But I decided to do that twice a day.
Getting up earlier would be a normal decision for anyone, because what is 15 minutes? Not in my case. I get out of bed as soon as my husband finishes in the bathroom at 05h10 in the morning, so getting up earlier? Not a chance!
The first 15 minutes I will do in my office, which is a little cramped but I can manage. The second 15 minutes wiggled themselves into my routine before I take a shower in the evening, before my writing time starts. Writing time is non-negotiable in case you were wondering.

Weekends are easier, but the commitment remains, and that is the most important to me. I love the discipline, and one day I might actually be good at it.

Saturday, 17 January 2015

Staying in the Game - Part 3: Recognition

The writer of the original post states that we as writers need the recognition from others to be seen as writers. It got me wondering why. Why do creative people - writers, visual artists, musicians, etc - need to be recognised as such, whereas other people in other professions do not?


I got my engineering degree and no one doubted my engineering abilities. I did not need to be recognised as an engineer to believe that I am one. All the years of studying definitely got that imprinted into my brain.

Sure, not every creative person has a formal qualification in the arts, but many do, so why the need to be recognised as such? Are we still dealing with a society that thinks that being a writer, a painter or a musician is not good enough? Or are we our own worst enemy?
Do I, Linzé Brandon, believe that I am a writer, an artist? For a while I confused recognition with validation, but no longer.
When you look in the mirror, do you point a finger to your own image and say: you are a writer (recognition) and, at the same time, I write because I want to and it doesn't matter what anyone else thinks (validation)?

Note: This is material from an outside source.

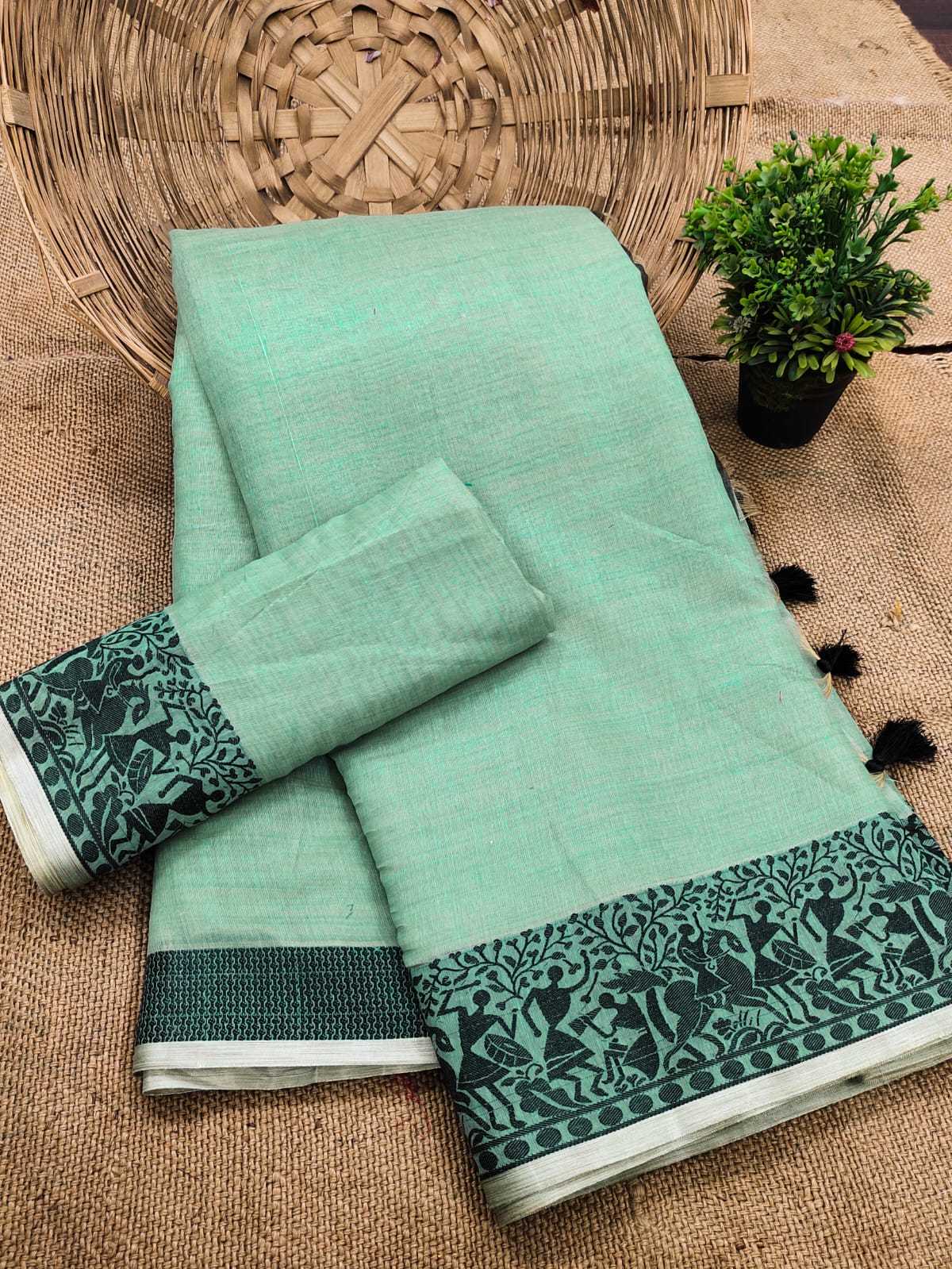 Soft Cotton Silk Saree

Being a trained engineer (now project manager) and a writer, this irony of being one but not the other still baffles me. Even the other day someone said that it was a nice hobby - writing books.
I didn't take exception, because I know this person meant it as a compliment of sorts. This is not always the case, and those words do not always come out as admiration of a creative talent. Sometimes people do look down their noses when I tell them that I am a writer.

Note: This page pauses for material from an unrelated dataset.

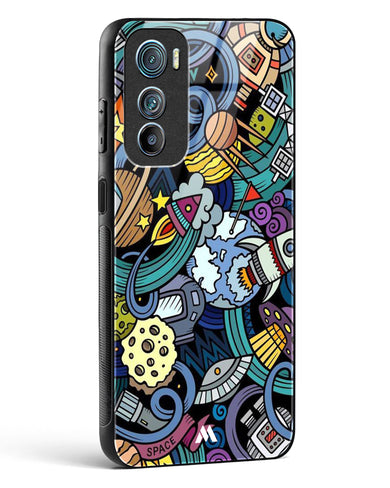 Spacing Out Glass Case Phone Cover (Motorola)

Although I have been writing for almost fourteen years, published since 2011, it is only recently that I sorted out this problem for myself - I am a writer.
For many though the question remains: am I writer because I think I am, or am I a writer because others say I am? What do you think?

Thursday, 15 January 2015

Handwriting and its history - a post about a book, and me

Every once in a while I find a book in a shop that catches my eye and I just have to read it. There is no rhyme or reason for it, in fact it wasn't even the cover that got my attention. If you have browsed around on my blog you would have noticed the series I wrote on the history of the Kama Sutra, based on a book I found on that topic.
Well this time around it was a topic more intriguing, only because of the fact that we don't think about it, or maybe you have, but I certainly have not. The history of handwriting may not feature in the school curriculum (at least not in this country) but it got my attention.
Amazon ebook
When I thought about this post, I originally intended to write it by hand, on good paper with a fountain pen (yes, I have a few of those) with the intention to scan the result and post the resulting graphic as the post to this blog.
Make no mistake, I won't win any handwriting competitions, but it is not bad either, especially when writing with a heavy fountain pen. I prefer a heavy pen and Francois bought me a Waterman stainless steel pen a few years ago for my birthday. Being a lovely gift aside, it is still my heaviest and favourite pen.
So why didn't I write the post by hand? The answer is simple: size of the file. I would have had to scan the file at a high resolution to ensure legibility of the text, because the graphic would invariably have to be resized (made smaller) to fit the blog's usable space. Not using a high resolution graphic would have made the text fuzzy and more difficult to read.
So instead of straining your eyes, and your patience with a post that takes forever to load, I will limit my forays into handwritten blog posts to a greeting.
It took me a while to read this book, because it is a mix of fact, historical and modern, interviews and personal commentaries by the author. Sometimes it took me a reread of a paragraph or two, to keep up with the narrative. (That's just me, not the author's fault)
When I started reading it, I had a look at my own handwriting. Not a difficult thing, since I keep a handwritten journal and still have the last four years' journals at my disposal. (Why only four is a story for another day.)
My handwriting changed and yet it did not. I write differently with a ballpoint pen than a fountain pen. The same applies to italic nibbed pens, or gel pens or whatever different writing instrument technologies I have in my arsenal. (Confession: I am a pen collector, and I estimate at least one of every type of pen under the sun feature in my collection)
I prefer a fine or needle tipped pen, but the feel of the shaft in my hand is just as important.
I don't know if graphologists (people who study your personality from your handwriting) would be able to find all my flaws in the different ways that I pen a word, then again cute, fluffy and served with a pink bow, is not me either.
Will handwritten words disappear, as the keyboard takes more and more of our words into the world?
I don't know, but if the scientists are right, learning to write by hand and keeping up the practice, has more benefits that just being able to read and write. As immersed as we have become in our modern smart and small devices, studies have shown that our data retention from reading from a screen, is much less than reading from paper.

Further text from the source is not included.